# Try it
What do the lines from the top of the data through the line with "Carmona CO8 Denim" say? Quote them exactly and include both ends.

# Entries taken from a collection
====================

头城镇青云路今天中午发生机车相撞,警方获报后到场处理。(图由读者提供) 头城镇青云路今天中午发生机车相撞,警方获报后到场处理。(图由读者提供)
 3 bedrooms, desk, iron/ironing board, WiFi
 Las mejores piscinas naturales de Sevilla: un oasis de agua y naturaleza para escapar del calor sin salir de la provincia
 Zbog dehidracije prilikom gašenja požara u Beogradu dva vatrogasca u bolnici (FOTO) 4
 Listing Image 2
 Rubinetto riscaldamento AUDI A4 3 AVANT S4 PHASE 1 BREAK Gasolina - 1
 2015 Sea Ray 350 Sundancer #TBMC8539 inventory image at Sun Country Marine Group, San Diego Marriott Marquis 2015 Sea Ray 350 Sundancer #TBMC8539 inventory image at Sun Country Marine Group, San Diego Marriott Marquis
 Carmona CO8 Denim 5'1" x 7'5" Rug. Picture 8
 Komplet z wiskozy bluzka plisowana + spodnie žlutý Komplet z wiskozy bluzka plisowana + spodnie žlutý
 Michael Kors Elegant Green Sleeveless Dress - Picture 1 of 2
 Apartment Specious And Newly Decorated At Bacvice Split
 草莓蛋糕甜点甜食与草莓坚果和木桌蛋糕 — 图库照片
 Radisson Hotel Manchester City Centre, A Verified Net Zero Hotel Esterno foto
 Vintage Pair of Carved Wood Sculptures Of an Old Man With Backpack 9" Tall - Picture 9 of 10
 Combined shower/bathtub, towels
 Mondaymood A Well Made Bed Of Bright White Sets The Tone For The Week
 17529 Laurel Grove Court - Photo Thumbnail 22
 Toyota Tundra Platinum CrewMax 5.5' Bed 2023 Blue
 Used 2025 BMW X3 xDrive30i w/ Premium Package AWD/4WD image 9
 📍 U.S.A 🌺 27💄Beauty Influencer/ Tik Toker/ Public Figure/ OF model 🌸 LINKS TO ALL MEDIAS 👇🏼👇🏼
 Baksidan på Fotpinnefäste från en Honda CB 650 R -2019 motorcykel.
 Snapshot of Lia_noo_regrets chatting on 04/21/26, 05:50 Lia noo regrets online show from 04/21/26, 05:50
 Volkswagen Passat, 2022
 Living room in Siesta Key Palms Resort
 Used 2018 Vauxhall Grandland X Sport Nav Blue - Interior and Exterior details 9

====================

# Response area
头城镇青云路今天中午发生机车相撞,警方获报后到场处理。(图由读者提供) 头城镇青云路今天中午发生机车相撞,警方获报后到场处理。(图由读者提供)
 3 bedrooms, desk, iron/ironing board, WiFi
 Las mejores piscinas naturales de Sevilla: un oasis de agua y naturaleza para escapar del calor sin salir de la provincia
 Zbog dehidracije prilikom gašenja požara u Beogradu dva vatrogasca u bolnici (FOTO) 4
 Listing Image 2
 Rubinetto riscaldamento AUDI A4 3 AVANT S4 PHASE 1 BREAK Gasolina - 1
 2015 Sea Ray 350 Sundancer #TBMC8539 inventory image at Sun Country Marine Group, San Diego Marriott Marquis 2015 Sea Ray 350 Sundancer #TBMC8539 inventory image at Sun Country Marine Group, San Diego Marriott Marquis
 Carmona CO8 Denim 5'1" x 7'5" Rug. Picture 8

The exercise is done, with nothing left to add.